Cofco Meat's private-equity backers are all holding onto their shares, signaling their faith in the company's prospects.
Cofco Meat proves popular with PE
Cofco Meat proves popular with PE

Chinese state-owned food conglomerate Cofco Group launched the Hong Kong initial public offering of its meat processing business on Monday. To the surprise of many, the deal was structured with all primary shares, implying all the private-equity backers will remain committed to the business, rather than seek to cash out of it.

The 975.6 million-share deal for Cofco Meat is being pitched at HK$2 to HK$2.65 per share, potentially raising HK$2.6 billion ($333 million) if pricing comes at the top end and at least $251 million at bottom.

The base deal is equivalent to 25% of the firm’s enlarged share capital, and 27.7% if the 15% greenshoe option is exercised. In that case, the firm could raise an additional $50 million on top-end pricing.

Based on the indicative price range, Cofco Meat will command a maximum market capitalization of $1.33 billion. That is more than double the $600 million valuation paid two years ago by a consortium of private-equity firms: KKRBaring Private EquityTemasek and Hong Kong-based Boyu Capital.

That these PE firms want to hold on to their shares sends a positive signal to other prospective IPO investors. Moreover, they will now be required to hold all of their shares in Cofco Meat for an additional six months following the IPO; they can only sell up to half of their shares during an additional six-month period to follow.
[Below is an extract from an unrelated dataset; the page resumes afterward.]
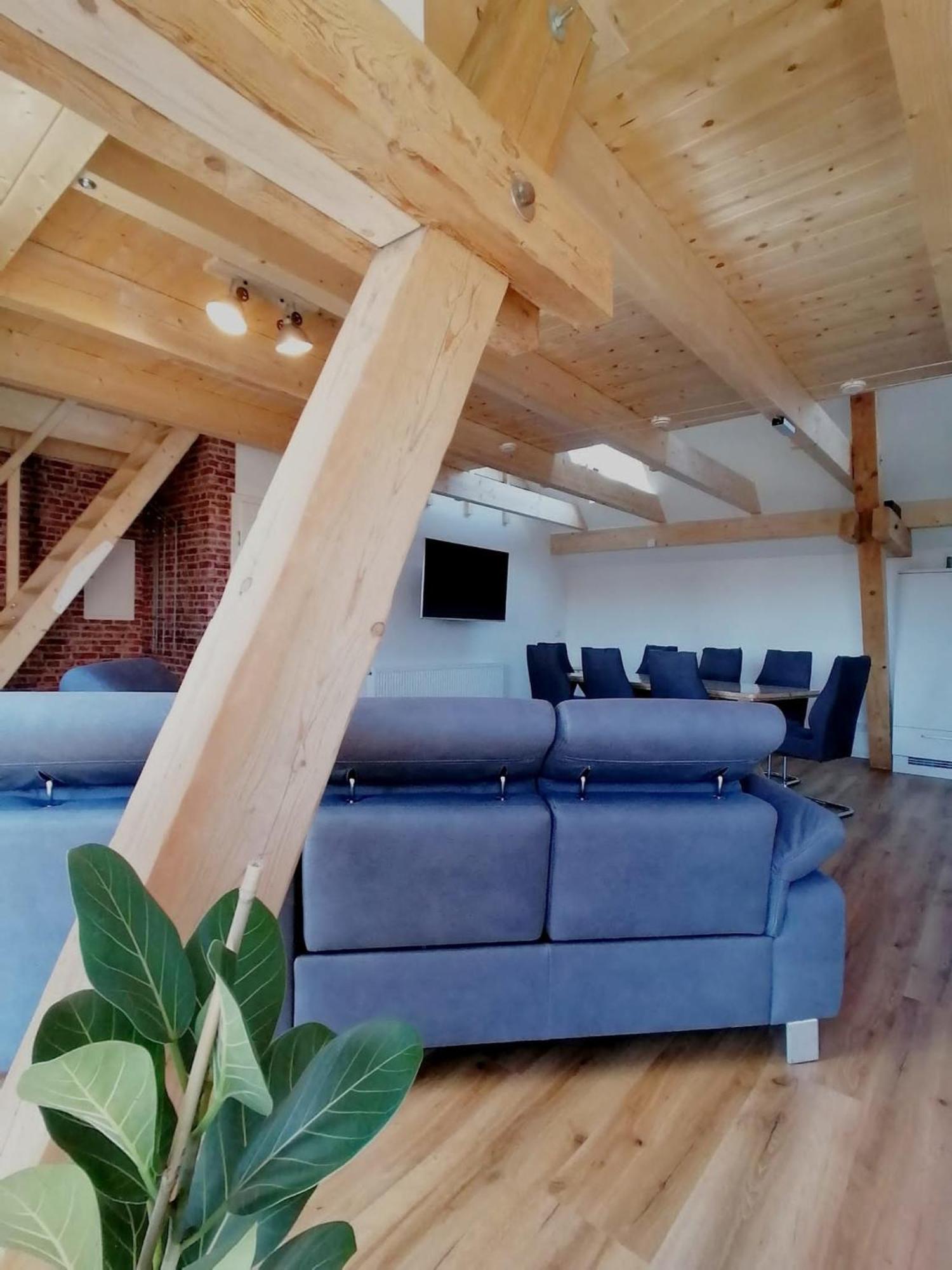 Appartamento Alte Foersterei Goldbeck Rinteln Esterno foto
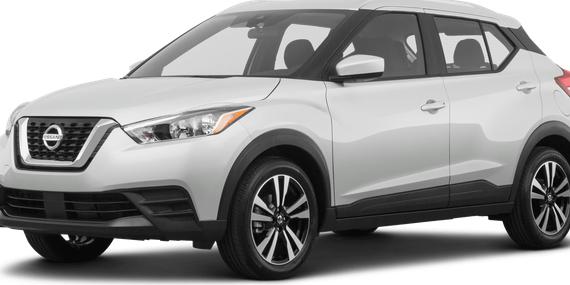 NISSAN KICKS 2020 3N1CP5BV8LL562317 image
The consortium acquired about 45% of Cofco Meat for a total of $270 million. Currently, KKR owns 20%, Barings 9%, Temasek 8.2% and Boyu 7.8%. Japan’s Mitsubishi also owns an indirect 10.4% via a joint venture with Cofco subsidiary China Foods.

PE owners may like Cofco Meat not only because it will continue to grow, but it also offers scarcity value as the only state-owned meat processor to list.

According to a banker, Cofco Meat is being pitched at a price-to-earnings multiple of 6.8 to 9 times based on syndicate consensus estimates of its earnings next year. That means the stock will be cheaper than WH Group, China’s largest private meat company, which trades at 12.3 times estimated earnings next year.

Meanwhile, Cofco also has an edge over some of its smaller rivals on branding, which is increasingly important in China’s food industry following a series of food safety scandals. Private companies such as WH Group and China Yurun have been responsible for these, while state-owned producers such as Cofco Meat may be seen as less likely to allow a scandal to unfold.

According to the deal terms, three cornerstone investors have committed a total of $87.4 million in the IPO, or roughly 26% of the deal based on top-end pricing.

Chinese electronics retailer Haier Group has committed $57.4 million worth of shares, while China Life Insurance and China Life Franklin Asset Management have bought $20 million and $10 million of shares respectively.

Under the indicative timetable, Cofco Meat’s institutional and retail bookbuild will run till October 24, and the shares are set to begin trading on November 1. 

Morgan Stanley and JP Morgan are joint sponsors of the IPO.